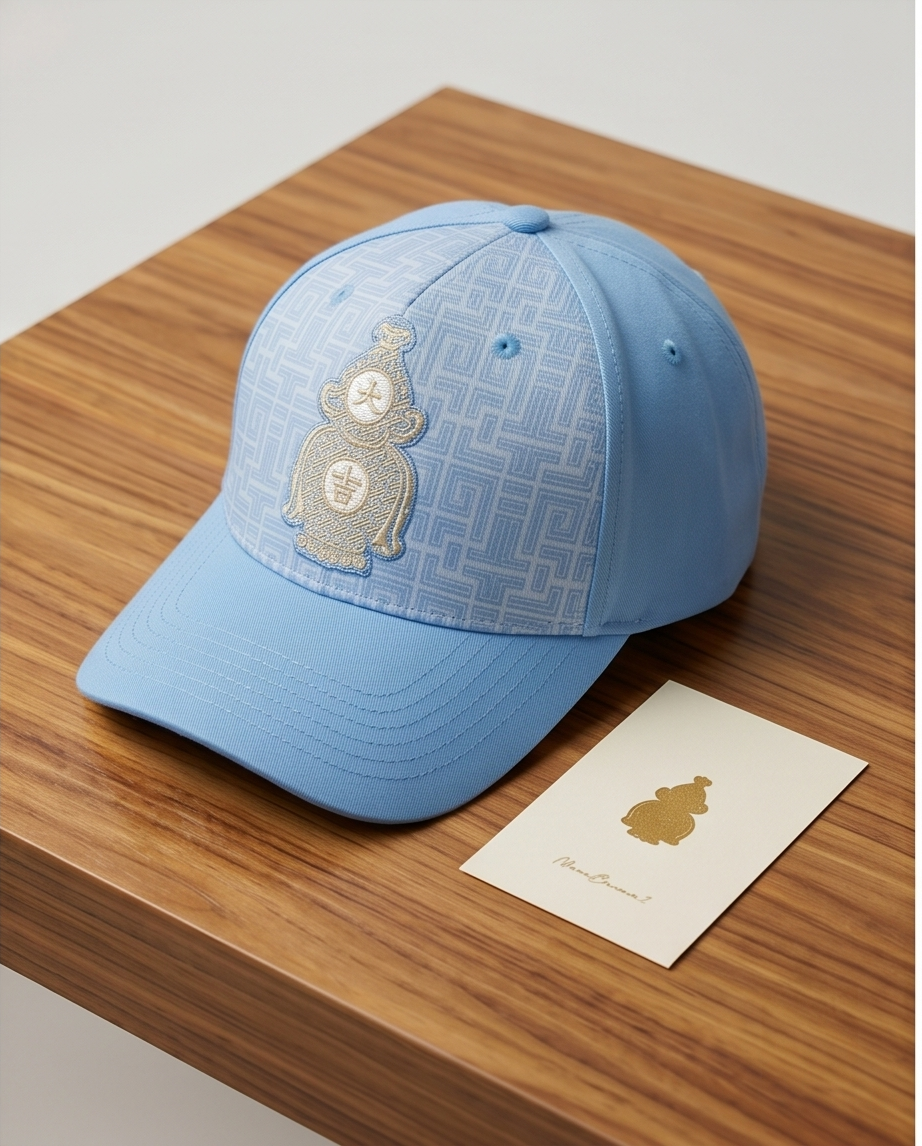 Gold Crest Embroidered Dad Cap — Sky Blue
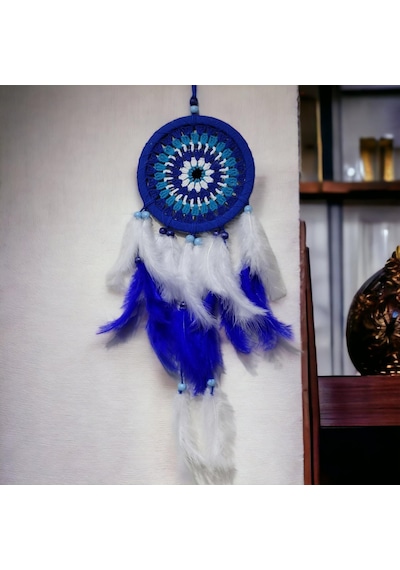 Nazar Boncuğu Desenli Bol Kuş Tüylü Lacivert Dream Catcher El Yapımı Duvar Dekoru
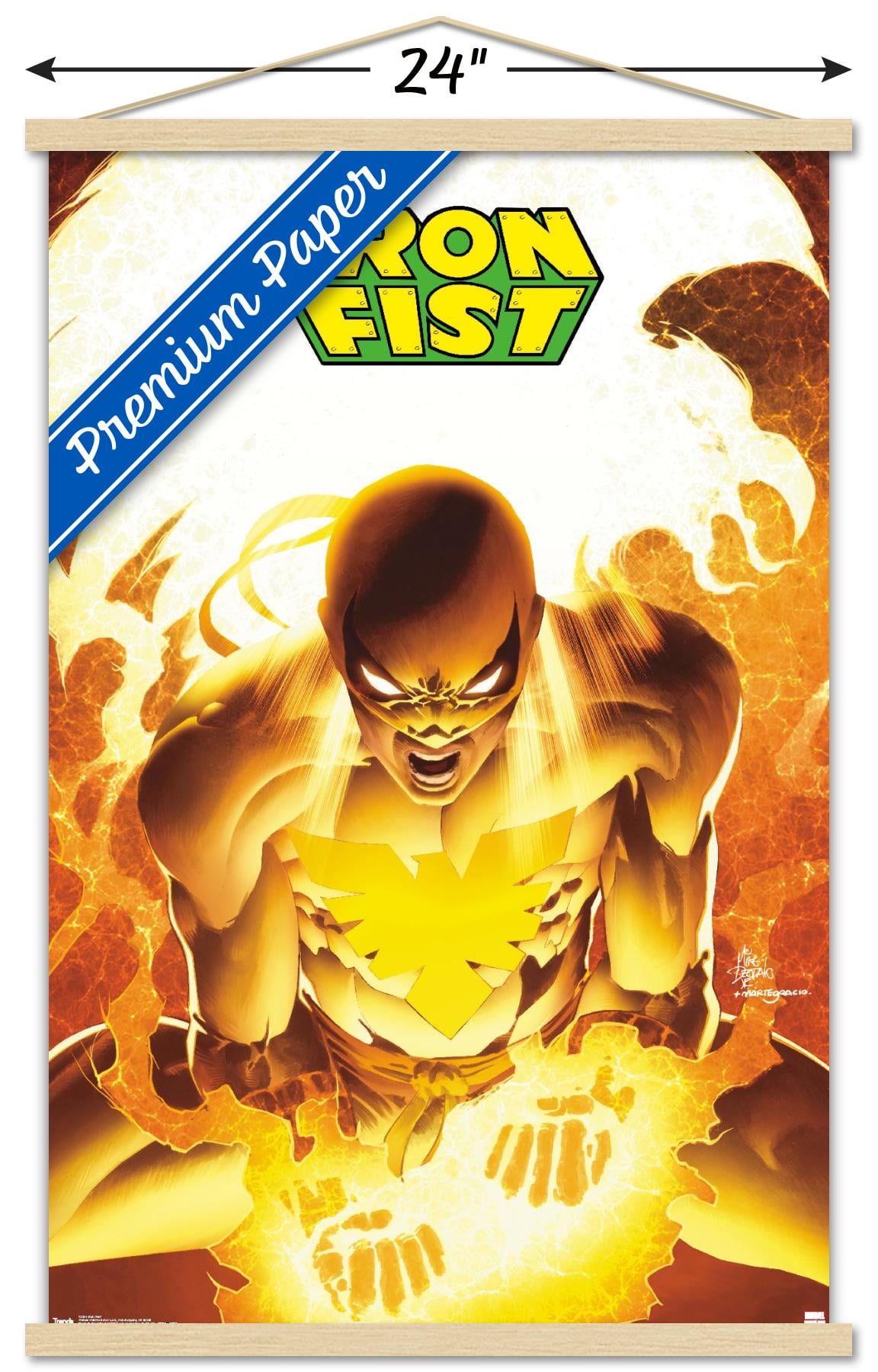 Marvel Comics - Iron Fist Wall Poster with Wooden Magnetic Frame, 22.375" x 34"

★ ★ ★ ★ ★ ★ ★

Your objective
Write out the whole listing exactly, and drop the pictures.

Solution for this exercise
 Gold Crest Embroidered Dad Cap — Sky Blue
 Nazar Boncuğu Desenli Bol Kuş Tüylü Lacivert Dream Catcher El Yapımı Duvar Dekoru
 Marvel Comics - Iron Fist Wall Poster with Wooden Magnetic Frame, 22.375" x 34"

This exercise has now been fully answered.